When the uprising broke out in the Vendee Stofflet was quick to join and with his prior military experience quickly proved his worth serving under d'Elbee at Fontenay-le-Comte, Cholet and Saumur and emerged as a natural leader in the battles of Beaupreau, Laval and Antrain. His success in the field won him promotion to the rank of major general in the Catholic-Royalist Grand Army. Eventually, he became the deputy commander of the royalist forces and in 1794, with the death of Henri de la Rochjaquelein he became commander-in-chief of the Catholic and Royal Army.
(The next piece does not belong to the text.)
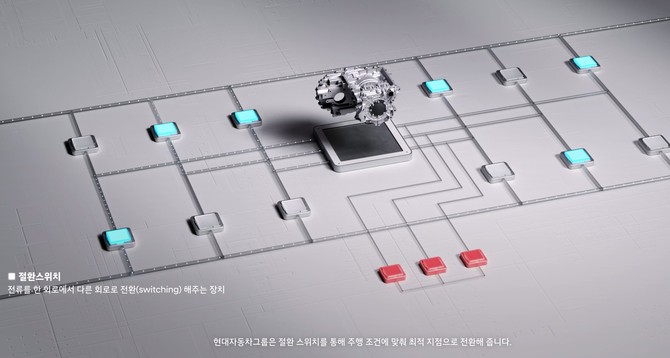 2-스테이지 모터시스템 영상 캡쳐. ⓒ 현대자동차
However, the counterrevolutionary forces frequently suffered from a lack of unified command and this became a problem with growing disagreements between Stofflet at another famous general; Francois de Charette. After suffering a string of defeats at the hands of the revolutionary republican forces Stofflet was forced to surrender and signed the La Jaunaie treaty with the National Convention on May 2, 1795. However, as republican crimes continued Stofflet could not remain on the sidelines and by the end of the year he had taken up arms again as marechal-de-camp for the Count of Provence. Unfortunately, his forces were defeated and Stofflet was taken prisoner. A republican military show trial quickly sentenced him to death and he was executed by firing squad at Angers on February 23, 1796. His career had been at times glorious and at times troubled but he fought bravely on the side of right and fell bravely for his deeply held beliefs.